Bilan du 1er mois de vélo à recueillir des Grains de Route pour le podcast itinérant paysan
Un mois qu’a débuté ce voyage pour le projet Grains de Route. Que j’ai pris la route au départ de Craon, en compagnie de Rookie, mon fidèle vélo. 312 km effectués, 4 fermes visitées (le GAEC Arc en Ciel, le GAEC Radis&Co, la ferme de Fanny Goupil et Le Champ des Possibles à Grazay dont l’article est à venir).
Un mois seulement, et pourtant il me semble que cela en fait 6. Le quotidien sur Avignon me semble appartenir à une autre vie. Les liens demeurent, avec les personnes qui nous ont marqué, les relations que l’on nourrit. Les souvenirs aussi, mais sans les regrets (pour changer la chanson)! Je me sens en tout cas pleinement présente à ce que je vis actuellement.
Un mois de voyage à recueillir des Grains de Route. Les rencontres sont riches et ne se ressemblent pas. Chaque personne, chaque ferme m’offre une vision complémentaire de la paysannerie. Du grain à moudre pour construire mon projet.
Un mois de voyage, et le temps est bon et doux (même en Mayenne !). La nature est frémissante et pleine de vie en ce début du mois de Mai.
Affiner l’écoute et la confiance avec l’exercice du podcast
Le podcast se dessine petit à petit, à mesure que je recueille les paroles de celles et ceux qui acceptent de se livrer. C’est un fabuleux exercice, dans la réciprocité. Pour ma part, l’objectif du podcast m’incite à sortir de ma zone de confort, à poser des questions, aiguiser ma curiosité. À oser prendre ma place et parler du projet, pour créer les temps d’échange qui le feront vivre.

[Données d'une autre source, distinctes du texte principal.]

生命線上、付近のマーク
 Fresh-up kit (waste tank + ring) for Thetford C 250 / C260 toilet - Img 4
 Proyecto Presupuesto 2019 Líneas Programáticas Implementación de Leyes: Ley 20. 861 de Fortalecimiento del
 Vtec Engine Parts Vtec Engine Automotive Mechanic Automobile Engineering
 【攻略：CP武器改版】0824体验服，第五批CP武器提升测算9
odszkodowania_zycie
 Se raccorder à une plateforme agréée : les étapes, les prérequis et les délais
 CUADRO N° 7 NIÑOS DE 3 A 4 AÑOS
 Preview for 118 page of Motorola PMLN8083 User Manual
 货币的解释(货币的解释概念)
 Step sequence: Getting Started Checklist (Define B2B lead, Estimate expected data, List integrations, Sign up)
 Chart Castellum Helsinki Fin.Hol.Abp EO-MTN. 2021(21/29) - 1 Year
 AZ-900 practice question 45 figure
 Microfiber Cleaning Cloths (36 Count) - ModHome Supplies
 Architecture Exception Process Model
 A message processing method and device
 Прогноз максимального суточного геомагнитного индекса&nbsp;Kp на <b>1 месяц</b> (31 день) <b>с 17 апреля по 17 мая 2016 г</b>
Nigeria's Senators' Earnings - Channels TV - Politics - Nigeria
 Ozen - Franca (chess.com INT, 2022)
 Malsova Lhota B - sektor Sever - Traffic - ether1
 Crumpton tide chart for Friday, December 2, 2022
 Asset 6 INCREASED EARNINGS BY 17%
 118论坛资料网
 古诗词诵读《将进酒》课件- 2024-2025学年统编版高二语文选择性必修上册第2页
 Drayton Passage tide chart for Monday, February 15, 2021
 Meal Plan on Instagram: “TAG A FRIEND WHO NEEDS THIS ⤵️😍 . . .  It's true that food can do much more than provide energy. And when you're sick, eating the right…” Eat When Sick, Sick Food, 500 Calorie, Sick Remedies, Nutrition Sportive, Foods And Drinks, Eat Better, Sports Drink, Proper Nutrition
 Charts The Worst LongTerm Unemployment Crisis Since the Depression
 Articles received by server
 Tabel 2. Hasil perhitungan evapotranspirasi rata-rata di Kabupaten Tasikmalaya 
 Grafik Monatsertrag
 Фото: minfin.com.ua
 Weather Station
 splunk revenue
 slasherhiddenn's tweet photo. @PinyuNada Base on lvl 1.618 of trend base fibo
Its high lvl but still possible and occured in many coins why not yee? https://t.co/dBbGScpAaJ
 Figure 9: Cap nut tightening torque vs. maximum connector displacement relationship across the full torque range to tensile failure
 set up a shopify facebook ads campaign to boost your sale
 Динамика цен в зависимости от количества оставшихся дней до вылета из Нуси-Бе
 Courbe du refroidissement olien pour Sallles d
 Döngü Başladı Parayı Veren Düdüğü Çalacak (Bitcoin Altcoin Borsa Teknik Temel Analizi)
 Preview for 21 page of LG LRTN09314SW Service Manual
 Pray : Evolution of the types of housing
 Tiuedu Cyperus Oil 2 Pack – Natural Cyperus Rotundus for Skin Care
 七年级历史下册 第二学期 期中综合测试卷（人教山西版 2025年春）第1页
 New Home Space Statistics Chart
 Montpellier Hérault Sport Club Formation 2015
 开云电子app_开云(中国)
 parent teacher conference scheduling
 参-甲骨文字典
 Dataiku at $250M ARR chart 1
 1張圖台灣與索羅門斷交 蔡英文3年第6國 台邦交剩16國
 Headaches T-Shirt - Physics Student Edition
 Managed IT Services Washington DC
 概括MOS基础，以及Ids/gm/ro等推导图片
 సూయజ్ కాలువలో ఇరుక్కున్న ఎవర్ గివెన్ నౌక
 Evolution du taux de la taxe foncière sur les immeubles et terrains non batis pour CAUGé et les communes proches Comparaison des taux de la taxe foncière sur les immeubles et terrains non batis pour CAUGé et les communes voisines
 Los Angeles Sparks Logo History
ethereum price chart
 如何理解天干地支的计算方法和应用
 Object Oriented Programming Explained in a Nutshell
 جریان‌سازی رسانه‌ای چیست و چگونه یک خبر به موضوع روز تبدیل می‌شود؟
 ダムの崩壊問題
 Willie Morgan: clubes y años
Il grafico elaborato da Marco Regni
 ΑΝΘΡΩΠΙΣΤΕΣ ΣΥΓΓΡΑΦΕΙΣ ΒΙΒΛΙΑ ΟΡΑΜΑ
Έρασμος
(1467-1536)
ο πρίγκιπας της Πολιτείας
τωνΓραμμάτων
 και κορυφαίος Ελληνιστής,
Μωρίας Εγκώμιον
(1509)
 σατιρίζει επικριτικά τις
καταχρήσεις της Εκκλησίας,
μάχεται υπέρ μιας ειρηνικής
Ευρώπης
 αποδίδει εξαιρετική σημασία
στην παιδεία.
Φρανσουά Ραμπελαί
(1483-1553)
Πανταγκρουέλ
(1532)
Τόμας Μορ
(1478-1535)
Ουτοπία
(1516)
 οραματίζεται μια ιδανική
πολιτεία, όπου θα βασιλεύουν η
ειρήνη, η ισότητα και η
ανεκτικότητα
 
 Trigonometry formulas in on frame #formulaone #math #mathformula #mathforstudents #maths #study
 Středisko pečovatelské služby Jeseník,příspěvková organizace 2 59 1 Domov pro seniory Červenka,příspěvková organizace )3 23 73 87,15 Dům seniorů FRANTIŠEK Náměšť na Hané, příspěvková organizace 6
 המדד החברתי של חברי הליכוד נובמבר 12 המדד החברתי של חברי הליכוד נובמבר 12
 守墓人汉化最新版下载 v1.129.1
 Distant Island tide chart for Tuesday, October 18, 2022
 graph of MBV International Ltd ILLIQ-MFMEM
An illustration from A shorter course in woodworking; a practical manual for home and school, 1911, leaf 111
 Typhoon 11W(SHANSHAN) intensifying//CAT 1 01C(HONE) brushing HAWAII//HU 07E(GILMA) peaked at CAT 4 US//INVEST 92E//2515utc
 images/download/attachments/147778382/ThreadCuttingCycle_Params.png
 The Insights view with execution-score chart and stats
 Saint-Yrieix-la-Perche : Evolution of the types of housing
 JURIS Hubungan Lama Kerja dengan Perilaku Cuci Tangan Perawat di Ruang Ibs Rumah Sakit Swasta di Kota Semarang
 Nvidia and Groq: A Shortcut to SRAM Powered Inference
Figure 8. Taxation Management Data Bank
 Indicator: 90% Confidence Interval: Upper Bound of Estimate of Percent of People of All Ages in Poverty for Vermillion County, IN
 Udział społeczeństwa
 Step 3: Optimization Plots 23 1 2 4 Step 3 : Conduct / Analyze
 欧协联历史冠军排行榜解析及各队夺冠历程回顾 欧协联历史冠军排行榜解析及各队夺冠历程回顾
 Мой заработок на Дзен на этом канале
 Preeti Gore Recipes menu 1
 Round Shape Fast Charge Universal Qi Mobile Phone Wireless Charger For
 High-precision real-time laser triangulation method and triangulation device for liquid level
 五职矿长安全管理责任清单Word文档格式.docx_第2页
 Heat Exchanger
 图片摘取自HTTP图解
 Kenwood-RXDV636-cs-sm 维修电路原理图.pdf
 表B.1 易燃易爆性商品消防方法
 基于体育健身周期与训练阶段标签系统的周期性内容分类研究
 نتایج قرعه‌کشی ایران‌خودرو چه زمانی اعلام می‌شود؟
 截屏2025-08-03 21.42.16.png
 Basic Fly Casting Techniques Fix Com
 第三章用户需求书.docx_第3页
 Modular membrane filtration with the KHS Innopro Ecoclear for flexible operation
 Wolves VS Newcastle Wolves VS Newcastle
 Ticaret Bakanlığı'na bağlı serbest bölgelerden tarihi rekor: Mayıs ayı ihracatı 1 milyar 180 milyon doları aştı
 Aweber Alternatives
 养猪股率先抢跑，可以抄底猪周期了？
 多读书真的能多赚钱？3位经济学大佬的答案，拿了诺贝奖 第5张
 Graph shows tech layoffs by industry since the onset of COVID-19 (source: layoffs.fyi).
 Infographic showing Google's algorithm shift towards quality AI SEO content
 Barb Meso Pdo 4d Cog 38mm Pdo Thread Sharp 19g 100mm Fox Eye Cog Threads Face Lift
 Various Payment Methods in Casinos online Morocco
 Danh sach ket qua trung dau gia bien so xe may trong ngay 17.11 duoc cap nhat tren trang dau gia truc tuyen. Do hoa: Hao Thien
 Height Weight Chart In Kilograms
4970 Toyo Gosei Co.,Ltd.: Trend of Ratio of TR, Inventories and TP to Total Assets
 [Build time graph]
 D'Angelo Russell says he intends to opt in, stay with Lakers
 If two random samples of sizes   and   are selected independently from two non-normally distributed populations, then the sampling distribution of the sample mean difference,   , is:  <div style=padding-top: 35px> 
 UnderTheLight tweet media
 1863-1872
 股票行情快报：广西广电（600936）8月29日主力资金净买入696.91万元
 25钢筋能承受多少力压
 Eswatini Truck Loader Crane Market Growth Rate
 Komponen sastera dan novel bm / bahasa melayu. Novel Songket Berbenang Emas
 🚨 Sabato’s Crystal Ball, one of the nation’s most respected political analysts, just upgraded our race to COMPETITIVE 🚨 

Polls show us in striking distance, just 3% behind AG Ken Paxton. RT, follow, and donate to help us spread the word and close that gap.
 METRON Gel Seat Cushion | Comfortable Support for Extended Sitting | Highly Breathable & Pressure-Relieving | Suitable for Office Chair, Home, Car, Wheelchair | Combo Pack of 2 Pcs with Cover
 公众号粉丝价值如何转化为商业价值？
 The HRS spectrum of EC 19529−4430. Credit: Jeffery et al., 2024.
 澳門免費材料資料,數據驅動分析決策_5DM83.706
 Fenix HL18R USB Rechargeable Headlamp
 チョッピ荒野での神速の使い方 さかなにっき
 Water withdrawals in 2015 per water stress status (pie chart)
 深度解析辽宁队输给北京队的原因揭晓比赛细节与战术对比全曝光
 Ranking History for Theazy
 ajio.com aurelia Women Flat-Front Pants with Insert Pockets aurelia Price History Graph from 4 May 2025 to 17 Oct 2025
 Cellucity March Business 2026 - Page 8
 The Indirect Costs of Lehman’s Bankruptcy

C’est trouver l’équilibre délicat entre inviter à l’échange sans être intrusive. Ça me questionne aussi sur l’attention à porter sur la fidélité de la retranscription. À posteriori, au montage, comment faire entendre au plus juste les messages qui me sont transmis ? Comment me montrer digne de la confiance qui m’est accordée ?
Il y aura forcément un parti-pris, le mien. Il s’agira d’y trouver de la justesse. De porter attention à éviter de mettre en porte à faux ces personnes qui se livrent. Un sacré challenge, un subtil jeu d’écoute et d’équilibriste. Ça me demande d’affiner mon ressenti, de clarifier mes intentions, de (me, nous) mettre en confiance. Enfin, dans le doute, de demander confirmation à mes interlocuteur•ices.
Faire face à ses peurs et se sentir capable
Parfois, la peur de décevoir est présente, en toile de fond. Peur de décevoir mes hôtes, mes interlocuteurs•ices, mon papa, ma famille… Forcément, une question de légitimité qui se pose de temps à autre. Et pourtant, une forte envie de mener ces projets au bout. Celui du voyage, du podcast, ou de l’installation agricole. Des convictions qui me portent, me transportent, me donnent des ailes. Un optimisme à toute épreuve, aussi. Celui qui aide à se réjouir des jours de pluie (bien utile en agriculture !).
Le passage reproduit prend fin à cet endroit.